- _DATA SHOWN_
####

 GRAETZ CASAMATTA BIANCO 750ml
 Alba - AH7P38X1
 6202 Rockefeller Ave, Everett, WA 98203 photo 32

####

Copy the whole listing once more, exactly.

 GRAETZ CASAMATTA BIANCO 750ml
 Alba - AH7P38X1
 6202 Rockefeller Ave, Everett, WA 98203 photo 32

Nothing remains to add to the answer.